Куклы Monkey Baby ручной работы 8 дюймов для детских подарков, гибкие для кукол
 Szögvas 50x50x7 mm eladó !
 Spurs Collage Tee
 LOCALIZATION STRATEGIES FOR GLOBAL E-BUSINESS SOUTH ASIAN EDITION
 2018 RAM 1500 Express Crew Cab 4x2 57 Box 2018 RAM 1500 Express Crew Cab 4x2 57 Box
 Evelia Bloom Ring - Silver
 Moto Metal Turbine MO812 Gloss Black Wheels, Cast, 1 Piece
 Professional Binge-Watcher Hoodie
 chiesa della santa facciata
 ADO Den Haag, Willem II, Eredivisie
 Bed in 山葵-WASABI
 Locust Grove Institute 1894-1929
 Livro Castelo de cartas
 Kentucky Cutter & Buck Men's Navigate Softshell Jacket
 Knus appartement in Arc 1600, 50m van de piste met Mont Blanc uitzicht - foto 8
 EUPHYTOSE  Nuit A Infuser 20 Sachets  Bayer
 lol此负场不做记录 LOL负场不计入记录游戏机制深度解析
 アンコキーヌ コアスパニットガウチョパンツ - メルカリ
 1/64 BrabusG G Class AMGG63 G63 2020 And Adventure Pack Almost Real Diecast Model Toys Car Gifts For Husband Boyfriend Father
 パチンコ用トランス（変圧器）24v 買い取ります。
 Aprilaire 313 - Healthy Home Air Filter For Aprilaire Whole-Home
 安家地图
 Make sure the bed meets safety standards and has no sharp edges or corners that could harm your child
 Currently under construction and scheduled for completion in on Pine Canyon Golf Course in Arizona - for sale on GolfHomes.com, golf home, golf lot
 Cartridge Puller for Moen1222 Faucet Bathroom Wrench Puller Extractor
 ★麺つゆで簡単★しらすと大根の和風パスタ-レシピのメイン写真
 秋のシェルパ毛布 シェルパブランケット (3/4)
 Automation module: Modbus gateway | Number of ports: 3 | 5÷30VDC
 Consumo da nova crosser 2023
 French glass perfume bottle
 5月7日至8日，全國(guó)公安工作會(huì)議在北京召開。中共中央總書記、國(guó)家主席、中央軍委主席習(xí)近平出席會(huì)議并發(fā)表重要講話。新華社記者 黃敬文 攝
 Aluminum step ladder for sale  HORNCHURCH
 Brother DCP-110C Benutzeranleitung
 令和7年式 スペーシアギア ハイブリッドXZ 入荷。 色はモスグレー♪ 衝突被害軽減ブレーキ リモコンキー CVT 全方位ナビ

________________________________________

_ASSIGNMENT_.
From the entries, copy every line in which the word "sale" occurs.

_ANSWER FOR THIS EXERCISE_.
 Currently under construction and scheduled for completion in on Pine Canyon Golf Course in Arizona - for sale on GolfHomes.com, golf home, golf lot
 Aluminum step ladder for sale  HORNCHURCH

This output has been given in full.